Hockett mentions a student of his who wanted to know whether affricates were so called because they are extremely common in the languages of Africa. (Affricate is a term from phonetics. The sound represented by ch (as in chair, chain) is an affricate.
Management jargon
The term Group Theory would suggest to most people something in mathematics like Matrix Algebra. But it is nothing so abstract or recondite as all that. It is a study of what happens when a group of people assigned to a particular job, meet and interact.
Actually there is an established term for this: group dynamics. But who knows? Group dynamics may now be an old, last century expression.  The current term, it appears, is group theory.
A writer in The Hindu (June 6, 2007) has given a sketch of this branch of knowledge. He isolates and defines five features of ‘group binding theory’. These are: Forming (=beginning), storming (=struggling), norming (=solidarity), performing (=accomplishing), and closing (=ending).
What does this say? Nothing more than that when a group of people meet, there will be some hesitancy in the beginning, followed by a sort of conflict (among some of them). Then they understand each other and settle down and finally actually do (=achieve) something.
But stated in the way I have done, it doesn’t sound anything like a profound analysis by an expert. For this you need to have some imposing technical terms—forming, storming, norming, performing, closing. Can anything be more pretentious and hollow? And anything more atrocious than ‘norming’?
It is amazing that stuff like this is dished out week after week, as the latest discoveries and insights in Business management. No amount of ridicule by lovers of good English seems to have any effect on the perpetrators of this hideous jargon.
Jargon apart, the Biz School people have their own syntax.  One school boldly advertises: Difficult was always easy. It was impossible that took some time. Enclosing difficult and impossible in quotes would have made it ordinary English. But that is exactly what is to be avoided in these halls of learning.
The same school has another slogan. Impossible is nothing.
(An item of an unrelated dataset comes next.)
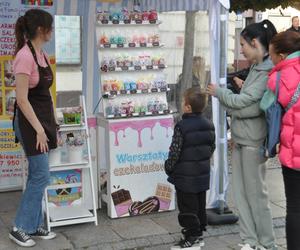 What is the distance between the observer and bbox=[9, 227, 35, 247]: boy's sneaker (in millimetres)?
4398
What does this mean? If it means:
‘Nothing is impossible’, why not say so?  Or does it mean that the content of ‘impossible’ is nothing, as in: You are nothing. (=You are a nobody, utterly useless)?
A sentence like You are nothing is possible only when the subject is a noun (phrase). And even then only in certain contexts. You can say: You are nothing. You cannot say (with any sense) Physics is nothing. In any case this interpretation makes no sense with: Impossible is nothing.
Most likely the man who said: ‘Impossible is nothing’ just translated into English, word for word, a sentence from his mother tongue (Hindi?).
Correction A reader has pointed out that the reference to Balakrishna Rao’s government (EFU June 28, 2007) should have been Bhaskar Rao’s government. The error is regretted; the correction appreciated.